The Delhi High Court has backed the implementation of Uniform Civil Code in the country. Uniform Civil Code:
A Uniform Civil code involves having a common set of laws of marriage, divorce, succession and adoption for all Indians, instead of allowing different personal laws for people of different faiths.
Article 44 of the Constitution of India says that state shall “Endeavour to secure for the citizens a uniform civil code throughout the territory of India”.
P B Mehta writes that the group identities between different religious groups were created by the British Colonial Apparatus, which was invoked as a primary justification for India’s suitability for modern institutions. Rochana Bajpai, however, argues that group identities no longer remain a part of colonial policy alone, but with wider social, political and economic processes; is a response of the elites and non elites to the opportunities created by the colonial policy.
ubair Ahmed Bader writes that insofar as the minority community continues to manifest personal laws as an indispensable part of their socio-religious identity and as a part of their right to live as a religious community, an abrupt transition from personal laws to the Uniform Civil Code, politically, remains inexpedient.

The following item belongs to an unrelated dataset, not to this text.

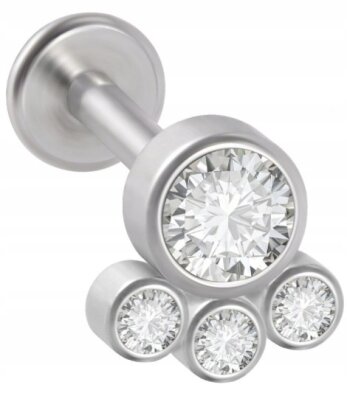 LABRET Śliczny Kolczyk z Cyrkoniami SS316L 1,2/8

Srirupa Roy writes that Muslim identity in India has emerged as resultant phenomena of “top- down” construction of identity as a minority identity through actions and policies of the state and the “bottom-up” construction of the identity as “other” at the societal level through competing claims advanced in response to other identities.
Scholars like Zoya Hassan, Mushirul Hasan, Rina Verma Williams, Anupama Roy and others have castigated the minority community leadership for structuring a religious controversy that in real sense was an issue of gender and social justice.
Zoya Hassan writes that the argument of homogeneity and unification was associated with the personal laws by Muslim elites, projecting them as a unifying symbol for the community as opposed to the socio-economic differences, which divided the community.
Zoya Hasan also argues that initially the campaign against Shah Bhano judgment failed to garner any substantial response from the minority community till it was an issue of women’s right to maintenance. However, a shift in argument by the Muslim organizations to the larger issue of the right of the minority community to exist as a religious community in a secular society, provided momentum to the campaign.
Zubair Ahmed Bader argues that the absence of any hostility in earlier cases of two similar judgments-in the Bai Tahira and Fazlunbail cases-evokes significant questions around the political opportunism of minority community leadership and their intentions to widen their sphere of influence.
Rina Williams writes that the passage of Muslim Women Bill in Parliament, despite exhaustive hostility to the bill from different sections of the society, buttressed the conservative voice in the minority community and marginalized the progressive one.
SP Sathe writes that the word ‘Uniform’ contained in Article 44 does not mean the extension of majority laws to all communities, for it would only make for ‘common’ law, and not necessarily ‘uniform’ law. Rather, a uniform application of laws means that every community must be governed by uniform principles of gender and human justice.
Nivedita Menon writes that complete abrogation of personal laws in the prevailing social and political conditions look difficult because of right wing forces increasingly using personal laws in their rhetoric against the minority community and the resultant counter mobilization by the fundamentalist forces. However, post the Shah Bano judgment, women’s movement have introduced a shift from the demand of complete abrogation to a more moderate demand of –reforms within the personal laws to make them gender-just. This can be a more pragmatic approach in present circumstances.
Zubair Ahmad Bader writes that the there is need for restructuring of the identity structure of the minority community with civil reforms and socio-political justice, so that the religious identity moves down the ladder of the structure, before the complete introduction of UCC, which otherwise would cause resentment and be seen as a threat to minority identity.